Tokoh yang akrab dipanggil Soekanto ini lahir di Bogor pada 7 Juni 1908. Ia anak sulung dari enam bersaudara dari pasangan R. Martomihardjo dan Kasmirah. R. Martomihardjo adalah pamongpraja yang berasal dari Ketangi Daleman, Purworejo, Jawa Tengah; sementara Kasmirah berasal dari Ciawi, Bogor, Jawa Barat. Pada tahun 1908, R. Martomihardjo bekerja di Jasinga, Bogor, sebagai Asisten Wedana bersama keluarga kecilnya. Soekanto bersama dua orang tuanya meninggalkan Bogor dan pindah pula ke Balaraja, Serang, karena ayahnya diangkat sebagai Wedana di sana. Pada tahun 1910, berpindah lagi ke tempat tugas ayahnya yang baru di Tangerang. Dengan demikian Soekanto kecil menunjukkan kehidupan keluarga penuh dinamis dengan selalu berpindah tugas orang tuanya.

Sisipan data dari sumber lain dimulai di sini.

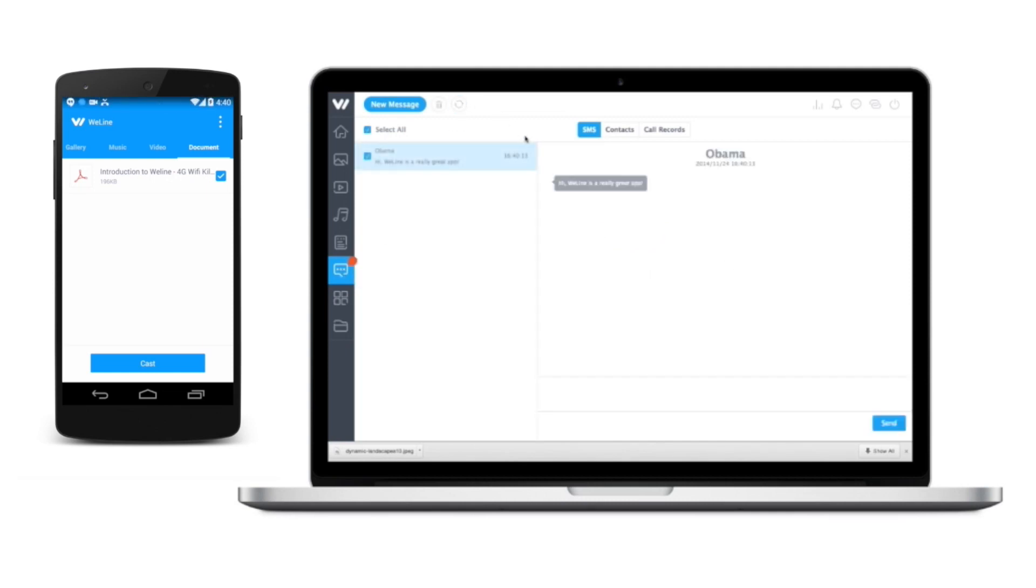Reading new text messages on your PC can become really handy. Also, you can reply to the message directly whenever you want.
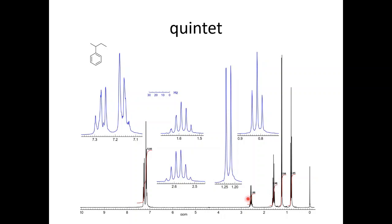The integration is 1.98, meaning two protons. The integration of the other is one proton, so this proton experiences the same type of phenomenon. Two protons here and three protons here — five total — they have similar J values, so the n+1 rule is applied.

Soekanto termasuk sebagian kecil dari kaum pribumi yang memperoleh pendidikan Barat, padahal pada zaman Belanda pendidikan bentuk ini hanya terbuka bagi kalangan priayi. Ia menempuh pendidikan pertama di Frobel School (Taman Kanak-kanak), Europeesche Lagere School (ELS), kemudian melanjutkan ke Hoogere Burger School (HBS) di Bandung. Setelah itu ia melanjutkan ke jenjang pendidikan tinggi di Recht Hooge School (RHS). Semasa kuliah, Soekanto aktif juga di Jong Java dan Perguruan Rakyat yang dipelopori oleh Ki Hajar Dewantara di Bogor. Kendati demikian, Soekanto terpaksa tak menyelesaikan studinya di RHS, lantaran kondisi perekonomian keluarga menurun sejak ayahnya pensiun dari jabatan Wedana.
Pada tahun 1930, Soekanto mendaftar dan diterima sebagai siswa Sekolah Aspiran Komisaris Polisi (Aspirant Commisaris van Politie) Angkatan VIII di Sukabumi, dengan lama pendidikan tiga tahun. Ia satu-satunya siswa pribumi dan lulus pada tahun 1933 dengan mendapat pangkat Commisaris van Politie 3 e Klass (Komisaris Polisi Kelas III).
Setelah beranjak usia dewasa, Soekanto, tepatnya pada tanggal 21 April 1932, menikah dengan Bua Hadjijah Lena Mokoginta, adalah gadis Manado, tepatnya dari Bolaang Mongondow. Ia menetap di Jakarta setelah orang tuanya dikucilkan Belanda dari daerahnya.
Dalam hal karier, pada tahun 1933, setelah menamatkan pendidikannya di Sekolah Aspiran Komisaris Polisi dengan pangkat Commisaris van Politie 3 e Klass (Komisaris Polisi Kelas III) ia langsung ditugaskan pada Hoofd Bureau van Politie Semarang di bagian Lalu Lintas, kemudian dipindahkan ke bagian Reserse dan Politieke Inlichtingen Dienst (PID). Sejak itulah ia memulai kariernya di kepolisian (Wulan 2009: 33).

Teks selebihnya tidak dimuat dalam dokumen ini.